Financial ratios are calculated on a period-by-period basis, and their evolution through time is monitored, with the goal of spotting patterns. As an example, if a company’s debt-to-asset ratio keeps rising, that could mean it’s taking on too much debt and could put it at risk of default.

2. Make comparative judgments regarding company performance

By comparing a company’s financial ratios to those of its major competitors, you can find out if the company is doing better or less than the average in its sector. By comparing the return on assets of different companies, for example, an analyst or investor can figure out which company is using its assets in the best way.

Financial ratios are used by both people outside and inside the company:

  • External Users: Financial analysts, individual investors, creditors, competitors, tax authorities, government regulators, and people who watch the industry
  • Internal Users: The owners, the management team, and the workers

Types of Financial Ratios

Liquidity Ratios

Liquidity ratios are a type of financial ratio that shows how well a company can pay its short-term and long-term debts. Among the most common liquidity ratios are:

  1. Current Ratio= Current Assets/Current Liabilities

The current ratio shows how well a company’s current assets can cover its short-term debts.

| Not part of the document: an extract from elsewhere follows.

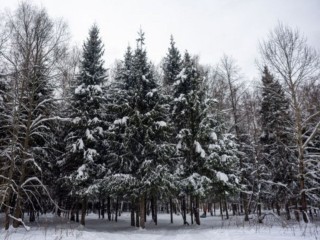 Москву и Подмосковье завалит снегом! В Новый год ожидается настоящая зимняя погода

  1. Acid-Test Ratio= (Current Assets – Inventories)/Current Liabilities

The acid-test ratio shows how quickly a company can pay off its short-term debts with its short-term assets.

  1. Cash Ratio= Cash And Cash Equivalents/Current Liabilities

The cash ratio shows how well a company can pay off its short-term debts with cash and cash equivalent assets.

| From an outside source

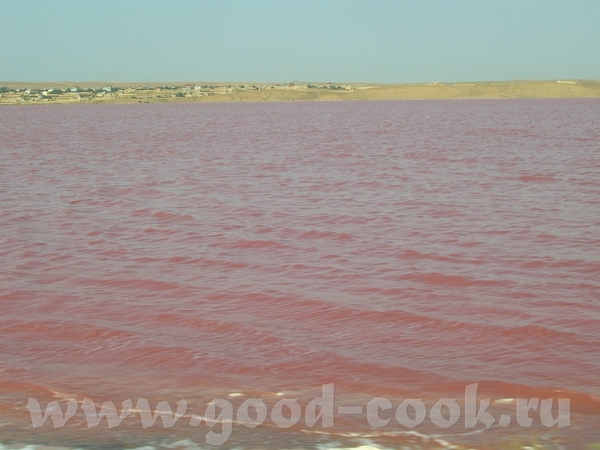 Это не фотошоп,а реальное красное солёное озеро в пригороде Баку я видела его белым,зелёным,синим,ф...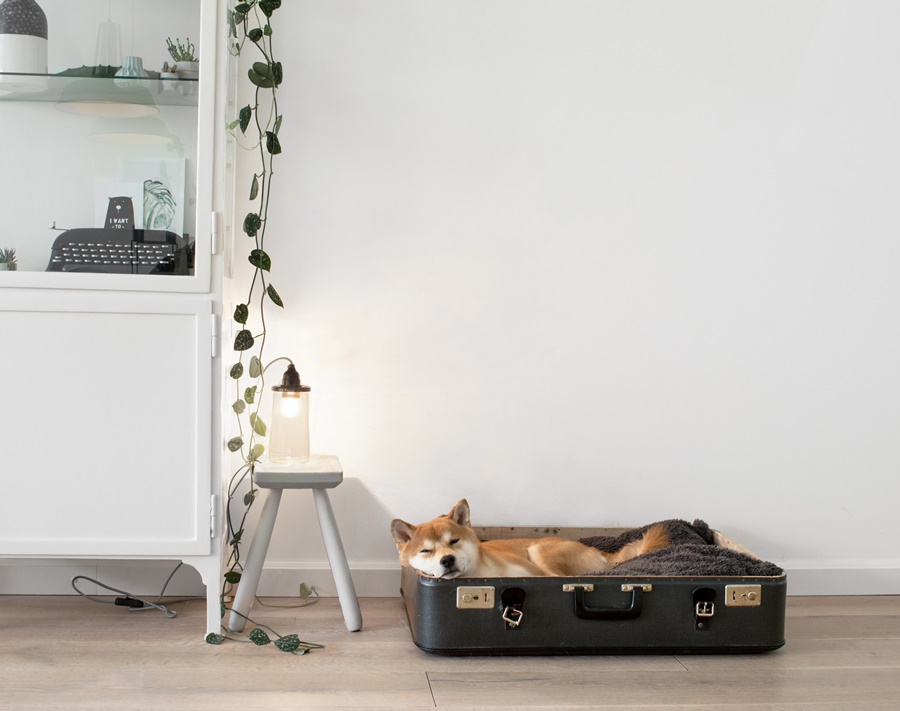 Decoración nordica atemporal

  1. Operating Cash Flow Ratio= Operating Cash Flow/Current Liabilities

The operating cash flow ratio shows how many times a company can pay off its current debts with the cash it brings in during a certain time period.

Leverage Financial Ratios

Leverage ratios show how much of a company’s capital comes from debt. Leverage financial ratios are used to figure out how much debt a company has. The following are some common leverage ratios:

  1. Debt Ratio= Total Liabilities/Total Assets

The debt ratio determines how much of a company’s assets are derived from debt.

  1. Debt To Equity Ratio= Total Liabilities/Shareholder’s Equity

The debt-to-equity ratio compares the total amount of debt and financial liabilities to the amount of equity owned by shareholders.

  1. Interest Coverage Ratio= Operating Income/Interest Expenses

The interest coverage ratio shows how easy it is for a company to pay its interest costs.

  1. Debt Service Coverage Ratio= Operating Income/Total Debt Service

The debt service coverage ratio shows how easy it is for a business to pay its debts.

Efficiency Ratios

Efficiency ratios, which are also called activity financial ratios, are used to figure out how well a company is using its assets and resources. Among the most common efficiency ratios are:

  1. Asset Turnover Ratio= Net Sales/Average Total Assets

The asset turnover ratio shows how well a company can turn its assets into sales.

  1. Inventory Turnover Ratio= Cost Of Goods Sold/Average Inventory

The inventory turnover ratio shows how many times a company’s stock is sold and replaced over a certain time period.

  1. Receivables Turnover Ratio= Net Credit Sales/Average Accounts Receivable

The accounts receivable turnover ratio calculates how often a company can convert receivables into cash in a particular period.

  1. Days Sales In Inventory Ratio= 365 Days/Inventory Turnover Ratio

The days sales in inventory ratio calculates the average number of days a business keeps inventory before selling it to customers.

Profitability Ratios

Profitability ratios assess a firm’s ability to create income in relation to its revenue, balance sheet assets, operating costs, and equity. The following are examples of common profitability financial ratios:

  1. Gross Margin Ratio= Gross Profit/Net Sales

The gross margin ratio compares a company’s gross profit to its net sales to find out how much money it makes after paying for its cost of goods sold.

  1. Operating Margin Ratio= Operating Income/Net Sales

The operating margin ratio measures a company’s operational efficiency by comparing operating income to net sales.

  1. Return On Assets Ratio= Net Income/Total Assets

The return on assets ratio shows how well a company is making money by using its assets.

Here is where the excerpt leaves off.